Saint François de Sales, dont nous fêtons le 400ème anniversaire de sa mort, deux jours avant sa mort s’adresse à des sœurs : « Voyez-vous l’Enfant Jésus dans la crèche ? Il reçoit tous les ravages du temps, le froid et tout ce que le Père permet qu’il lui arrive. Il ne refuse pas les petites consolations que sa mère lui donne, et il n’est pas écrit qu’il tende jamais les mains pour avoir le sein de sa Mère, mais il laisse tout à ses soins et à sa prévoyance ; ainsi nous ne devons rien désirer ni refuser, supportant tout ce que Dieu nous envoie, le froid et les ravages du temps ». À l’école de l’Incarnation, François de Sales avait appris à lire l’histoire et à l’habiter avec confiance.
Et Marie, mère de Dieu comment vit-elle ce moment ? pas de parole mais Marie garde dans son cœur tous ces événements et les médite. Le silence de la Vierge s’explique surtout par l’attitude de contemplation qui est la sienne. La Vierge laisse Dieu être Dieu. Ce qu’elle voit : le Très-Haut qui s’est fait le Très-Bas par amour pour nous en l’Enfant qu’elle tient dans ses bras, est au-delà des mots.

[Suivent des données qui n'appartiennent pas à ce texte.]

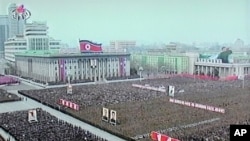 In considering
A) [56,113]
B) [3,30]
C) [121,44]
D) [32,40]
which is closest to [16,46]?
[32,40]

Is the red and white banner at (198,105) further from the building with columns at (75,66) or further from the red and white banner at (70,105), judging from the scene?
the building with columns at (75,66)

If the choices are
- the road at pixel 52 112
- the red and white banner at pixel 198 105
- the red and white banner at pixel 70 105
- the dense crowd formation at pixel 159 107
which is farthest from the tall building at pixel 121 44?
the red and white banner at pixel 198 105

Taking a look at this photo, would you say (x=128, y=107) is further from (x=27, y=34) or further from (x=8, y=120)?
(x=27, y=34)

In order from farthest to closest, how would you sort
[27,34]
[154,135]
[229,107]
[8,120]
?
[27,34] < [229,107] < [8,120] < [154,135]

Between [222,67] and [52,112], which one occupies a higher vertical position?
[222,67]

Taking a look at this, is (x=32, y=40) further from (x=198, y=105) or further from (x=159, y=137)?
(x=159, y=137)

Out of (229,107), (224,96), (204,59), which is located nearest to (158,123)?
(229,107) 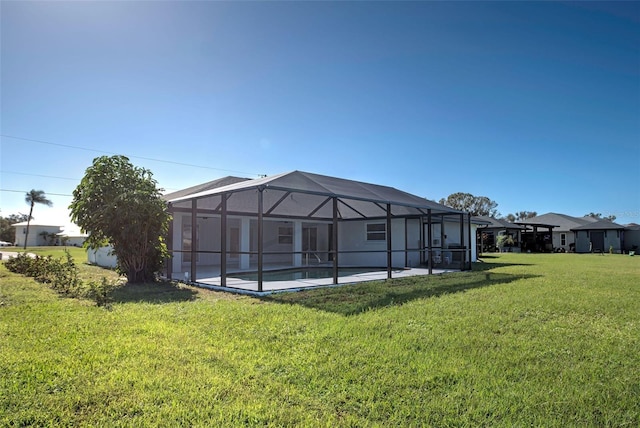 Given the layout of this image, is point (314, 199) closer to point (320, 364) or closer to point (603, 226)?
point (320, 364)

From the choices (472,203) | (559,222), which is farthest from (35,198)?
(559,222)

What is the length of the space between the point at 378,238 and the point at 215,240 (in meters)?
7.24

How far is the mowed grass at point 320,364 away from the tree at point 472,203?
54.9 m

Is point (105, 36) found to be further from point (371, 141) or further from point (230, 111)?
point (371, 141)

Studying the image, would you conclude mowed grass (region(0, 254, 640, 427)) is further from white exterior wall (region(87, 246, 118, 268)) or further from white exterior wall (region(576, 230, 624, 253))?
white exterior wall (region(576, 230, 624, 253))

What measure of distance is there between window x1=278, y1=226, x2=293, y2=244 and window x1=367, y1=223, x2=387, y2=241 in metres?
3.69

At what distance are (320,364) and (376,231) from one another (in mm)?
13814

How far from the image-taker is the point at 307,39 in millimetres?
10469

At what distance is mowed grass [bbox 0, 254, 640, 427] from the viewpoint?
2.69m

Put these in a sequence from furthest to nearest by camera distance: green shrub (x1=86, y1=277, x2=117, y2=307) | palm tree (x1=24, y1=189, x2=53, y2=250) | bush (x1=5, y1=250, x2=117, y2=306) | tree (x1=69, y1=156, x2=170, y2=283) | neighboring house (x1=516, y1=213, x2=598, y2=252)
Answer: palm tree (x1=24, y1=189, x2=53, y2=250), neighboring house (x1=516, y1=213, x2=598, y2=252), tree (x1=69, y1=156, x2=170, y2=283), bush (x1=5, y1=250, x2=117, y2=306), green shrub (x1=86, y1=277, x2=117, y2=307)

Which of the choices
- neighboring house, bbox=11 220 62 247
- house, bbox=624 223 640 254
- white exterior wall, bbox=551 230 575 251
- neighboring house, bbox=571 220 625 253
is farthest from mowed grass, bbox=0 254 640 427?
neighboring house, bbox=11 220 62 247

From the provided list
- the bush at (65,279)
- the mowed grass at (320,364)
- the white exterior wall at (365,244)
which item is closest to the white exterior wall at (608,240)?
the white exterior wall at (365,244)

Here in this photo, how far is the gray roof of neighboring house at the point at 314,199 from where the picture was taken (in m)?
10.4

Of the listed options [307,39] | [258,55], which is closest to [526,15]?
[307,39]
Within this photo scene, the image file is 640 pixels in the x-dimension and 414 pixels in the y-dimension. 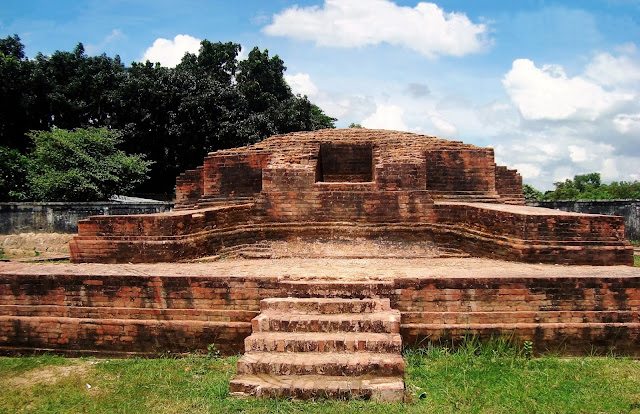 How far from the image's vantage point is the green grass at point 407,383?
12.4 ft

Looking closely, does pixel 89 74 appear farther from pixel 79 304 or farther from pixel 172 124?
pixel 79 304

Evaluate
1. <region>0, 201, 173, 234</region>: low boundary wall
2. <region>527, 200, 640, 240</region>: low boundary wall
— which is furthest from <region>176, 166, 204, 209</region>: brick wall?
<region>527, 200, 640, 240</region>: low boundary wall

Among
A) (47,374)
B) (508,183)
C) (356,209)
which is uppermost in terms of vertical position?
(508,183)

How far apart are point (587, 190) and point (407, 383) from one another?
98.4 feet

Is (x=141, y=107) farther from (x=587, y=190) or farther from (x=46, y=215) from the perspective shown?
(x=587, y=190)

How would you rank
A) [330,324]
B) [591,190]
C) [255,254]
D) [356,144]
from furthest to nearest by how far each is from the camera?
1. [591,190]
2. [356,144]
3. [255,254]
4. [330,324]

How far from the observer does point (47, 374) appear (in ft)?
15.7

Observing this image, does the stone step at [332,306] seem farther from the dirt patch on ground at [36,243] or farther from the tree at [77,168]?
the tree at [77,168]

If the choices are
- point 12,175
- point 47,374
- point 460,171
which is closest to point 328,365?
point 47,374

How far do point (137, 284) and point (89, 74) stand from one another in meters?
22.8

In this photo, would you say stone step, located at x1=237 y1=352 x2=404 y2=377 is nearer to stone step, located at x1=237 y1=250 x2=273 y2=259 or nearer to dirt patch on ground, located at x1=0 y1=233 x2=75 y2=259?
stone step, located at x1=237 y1=250 x2=273 y2=259

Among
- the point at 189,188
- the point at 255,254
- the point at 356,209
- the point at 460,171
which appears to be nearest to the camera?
the point at 255,254

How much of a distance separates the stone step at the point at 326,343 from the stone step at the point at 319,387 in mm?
322

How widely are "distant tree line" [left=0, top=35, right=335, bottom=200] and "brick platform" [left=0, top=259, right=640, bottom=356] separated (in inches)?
701
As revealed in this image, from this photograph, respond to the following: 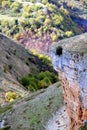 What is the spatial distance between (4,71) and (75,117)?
2661 inches

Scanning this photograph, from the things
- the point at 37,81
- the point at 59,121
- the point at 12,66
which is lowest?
the point at 37,81

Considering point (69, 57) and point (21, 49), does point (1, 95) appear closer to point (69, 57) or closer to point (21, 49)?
point (69, 57)

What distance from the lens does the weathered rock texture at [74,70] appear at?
30328 mm

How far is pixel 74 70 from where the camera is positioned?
3081cm

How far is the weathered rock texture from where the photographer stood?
30328 mm

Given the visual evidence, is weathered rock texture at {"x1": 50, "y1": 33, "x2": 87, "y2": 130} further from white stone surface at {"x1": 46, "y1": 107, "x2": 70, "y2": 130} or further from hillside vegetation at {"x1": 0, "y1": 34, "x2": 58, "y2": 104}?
hillside vegetation at {"x1": 0, "y1": 34, "x2": 58, "y2": 104}

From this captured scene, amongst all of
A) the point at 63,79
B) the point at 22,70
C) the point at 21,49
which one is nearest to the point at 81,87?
the point at 63,79

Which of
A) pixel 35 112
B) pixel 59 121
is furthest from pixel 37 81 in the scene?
pixel 59 121

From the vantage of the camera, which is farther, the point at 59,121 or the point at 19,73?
the point at 19,73

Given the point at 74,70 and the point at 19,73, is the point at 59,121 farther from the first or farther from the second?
the point at 19,73

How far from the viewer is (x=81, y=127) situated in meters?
33.3

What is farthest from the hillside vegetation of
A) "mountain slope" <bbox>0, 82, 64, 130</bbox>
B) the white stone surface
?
the white stone surface

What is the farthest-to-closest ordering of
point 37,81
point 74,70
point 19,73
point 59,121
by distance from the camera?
point 37,81, point 19,73, point 59,121, point 74,70

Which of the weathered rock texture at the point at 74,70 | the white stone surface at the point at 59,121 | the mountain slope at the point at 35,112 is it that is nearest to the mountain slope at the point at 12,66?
the mountain slope at the point at 35,112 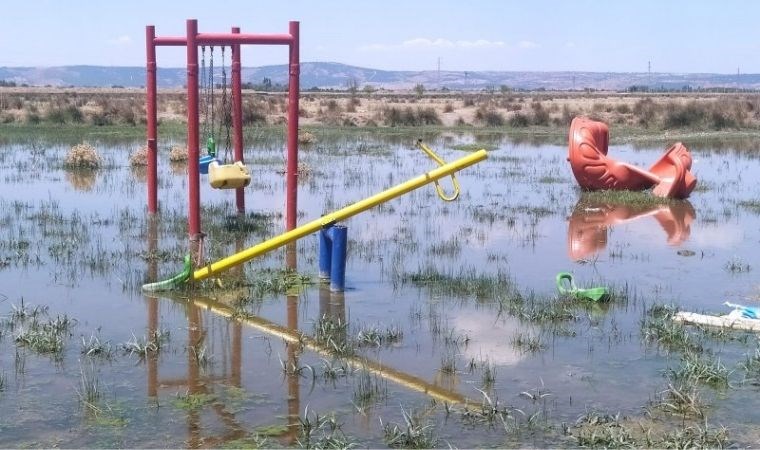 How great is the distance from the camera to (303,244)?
1318 centimetres

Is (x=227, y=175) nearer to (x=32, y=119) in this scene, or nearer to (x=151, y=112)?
(x=151, y=112)

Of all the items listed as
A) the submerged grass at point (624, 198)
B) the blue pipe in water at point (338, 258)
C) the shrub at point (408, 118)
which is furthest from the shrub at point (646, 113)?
the blue pipe in water at point (338, 258)

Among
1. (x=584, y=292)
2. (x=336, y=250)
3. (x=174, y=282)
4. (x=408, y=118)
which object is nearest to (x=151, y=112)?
(x=174, y=282)

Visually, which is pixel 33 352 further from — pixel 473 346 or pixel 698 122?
pixel 698 122

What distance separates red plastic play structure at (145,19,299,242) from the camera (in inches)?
465

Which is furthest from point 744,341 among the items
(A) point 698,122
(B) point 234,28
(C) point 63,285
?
(A) point 698,122

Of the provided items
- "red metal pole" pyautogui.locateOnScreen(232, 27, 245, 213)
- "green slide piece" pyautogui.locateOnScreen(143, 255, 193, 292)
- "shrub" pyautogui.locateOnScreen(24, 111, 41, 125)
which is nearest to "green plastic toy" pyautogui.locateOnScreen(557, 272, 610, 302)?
"green slide piece" pyautogui.locateOnScreen(143, 255, 193, 292)

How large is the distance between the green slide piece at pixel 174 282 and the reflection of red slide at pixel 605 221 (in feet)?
17.6

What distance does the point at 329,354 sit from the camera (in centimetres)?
798

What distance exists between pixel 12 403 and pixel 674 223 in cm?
1196

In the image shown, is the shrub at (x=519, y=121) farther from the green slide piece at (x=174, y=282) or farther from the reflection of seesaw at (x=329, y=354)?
the reflection of seesaw at (x=329, y=354)

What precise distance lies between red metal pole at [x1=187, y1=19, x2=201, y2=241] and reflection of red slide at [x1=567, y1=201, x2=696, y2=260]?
5.05m

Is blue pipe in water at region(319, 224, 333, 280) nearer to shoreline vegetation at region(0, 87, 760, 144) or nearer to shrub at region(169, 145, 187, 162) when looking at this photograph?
shrub at region(169, 145, 187, 162)

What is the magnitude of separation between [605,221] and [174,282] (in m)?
8.44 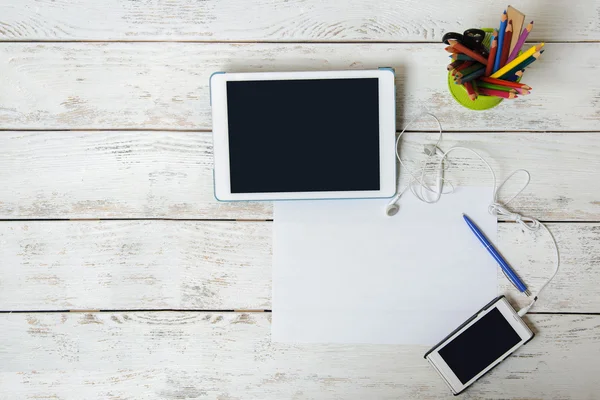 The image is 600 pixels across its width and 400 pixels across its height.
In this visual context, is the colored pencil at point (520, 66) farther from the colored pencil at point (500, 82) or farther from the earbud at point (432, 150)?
the earbud at point (432, 150)

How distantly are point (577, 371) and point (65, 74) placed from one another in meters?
0.95

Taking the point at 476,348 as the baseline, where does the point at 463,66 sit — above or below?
above

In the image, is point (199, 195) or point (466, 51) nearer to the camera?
point (466, 51)

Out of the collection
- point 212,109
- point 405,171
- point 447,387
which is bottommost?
point 447,387

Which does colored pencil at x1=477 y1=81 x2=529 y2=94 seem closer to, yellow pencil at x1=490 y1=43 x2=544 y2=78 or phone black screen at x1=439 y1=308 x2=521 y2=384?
yellow pencil at x1=490 y1=43 x2=544 y2=78

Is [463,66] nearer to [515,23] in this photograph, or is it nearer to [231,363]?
[515,23]

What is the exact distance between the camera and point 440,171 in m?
0.74

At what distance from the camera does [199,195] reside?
29.7 inches

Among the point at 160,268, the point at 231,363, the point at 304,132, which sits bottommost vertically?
the point at 231,363

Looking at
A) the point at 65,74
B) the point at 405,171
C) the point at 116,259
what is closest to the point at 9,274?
the point at 116,259

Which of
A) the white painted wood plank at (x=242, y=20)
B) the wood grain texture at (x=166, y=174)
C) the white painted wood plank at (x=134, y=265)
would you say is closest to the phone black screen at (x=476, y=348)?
the wood grain texture at (x=166, y=174)

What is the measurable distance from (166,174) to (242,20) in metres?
0.27

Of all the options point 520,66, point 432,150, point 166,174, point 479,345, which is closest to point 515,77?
point 520,66

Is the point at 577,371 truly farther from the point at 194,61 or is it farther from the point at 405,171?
the point at 194,61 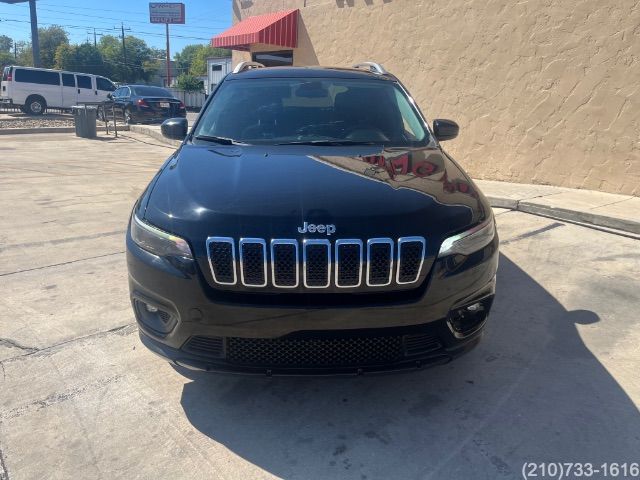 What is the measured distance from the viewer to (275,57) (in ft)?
45.0

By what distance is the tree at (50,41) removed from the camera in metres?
75.9

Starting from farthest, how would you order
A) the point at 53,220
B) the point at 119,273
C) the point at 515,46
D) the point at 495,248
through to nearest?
the point at 515,46 → the point at 53,220 → the point at 119,273 → the point at 495,248

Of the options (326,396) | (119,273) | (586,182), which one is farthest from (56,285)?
(586,182)

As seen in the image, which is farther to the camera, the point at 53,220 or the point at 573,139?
the point at 573,139

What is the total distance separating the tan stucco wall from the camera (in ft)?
22.7

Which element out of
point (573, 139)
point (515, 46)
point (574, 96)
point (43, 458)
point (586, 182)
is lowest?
point (43, 458)

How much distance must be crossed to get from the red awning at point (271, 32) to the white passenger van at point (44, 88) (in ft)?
49.9

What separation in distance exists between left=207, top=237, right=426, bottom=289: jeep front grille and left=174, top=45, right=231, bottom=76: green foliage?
72051mm

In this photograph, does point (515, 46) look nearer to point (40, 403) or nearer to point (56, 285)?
point (56, 285)

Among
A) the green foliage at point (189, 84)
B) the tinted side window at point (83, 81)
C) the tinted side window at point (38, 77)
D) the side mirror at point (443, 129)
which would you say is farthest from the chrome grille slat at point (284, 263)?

Alors demandons à Marie de nous accompagner en cette année nouvelle, que nous puissions être bénis et voir la gloire de Dieu dans nos vies en cette année 2023. Mais rappelons-nous que pour être bénis, comme le disait Benoît XVI, il faut demeurer en présence de Dieu, recevoir sur soi son Nom et rester dans le cône de lumière qui part de son visage, dans l’espace illuminé par son regard, qui répand grâce et paix.